The Poynter Institute, a global leader in journalism, "prepares journalists worldwide to hold powerful people accountable and promote honest information in the marketplace of ideas." (https://www.poynter.org/about/). It is essential to keep this art alive today. Jill Lepore’s impressive new anthology of essays, The Deadline, consists mostly of pieces she wrote for The New Yorker magazine. The depth of her collection had us looking around the store for works of other distinguished journalists. These eight books include essays, memoirs, and investigative reporting that illuminate the essential role of exceptional journalism.
The Deadline by Jill Lepore
Arriving at The New Yorker in 2005, Lepore, with her panoptical range and razor-sharp style, brought a transporting freshness and a literary vivacity to everything from profiles of long-dead writers to urgent constitutional analysis to an unsparing scrutiny of the woeful affairs of the nation itself.
Paradise Screwed by Carl Hiaasen
"Takes readers on a head-shaking romp through a south Florida that they won't find in any tourist brochure.” – Publishers Weekly
by Charlayne Hunter-Gault
From the legendary Emmy Award-winning journalist, a collection of ground-breaking reportage from across five decades which vividly chronicles the experience of Black life in America today.
Still Pictures: On Photography and Memory by Janet Malcolm
Janet Malcolm
A poignant, revealing memoir by a legendary, award-winning New Yorker staff writer, featuring never-before-published material about her extraordinary life.
Under a White Sky: The Nature of the Future by Elizabeth Kolbert
“What makes Under A White Sky so valuable and such a compelling read is Kolbert tells by showing…She makes it clear how far we already are from a world of undisturbed, perfectly balanced nature—and how far we must still go to find a new balance for the planet’s future that still has us humans in it.”— NPR
Chasing History: A Kid in the Newsroom by Carl Bernstein
Carl Bernstein recalls his formative years as a teenage newspaper reporter in JFK’s Washington—a tale of adventures, scrapes, clever escapes, and the opportunity of a lifetime.
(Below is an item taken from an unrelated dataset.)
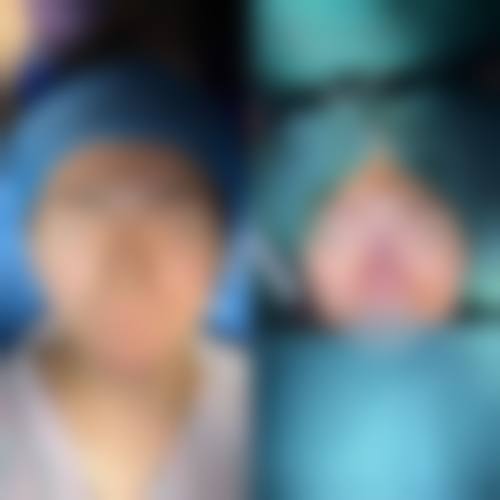 【六盘水星殿医疗美容医院擅长项目有哪些?】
On Animals by Susan Orlean
Beloved New Yorker staff writer Susan Orlean gathers a lifetime of musings, meditations, and in-depth profiles about animals.
The Times by Adam Nagourney
A sweeping behind-the-scenes look at the last four turbulent decades of "the paper of record," The New York Times, as it confronted world-changing events, internal scandals, and faced the existential threat of the internet.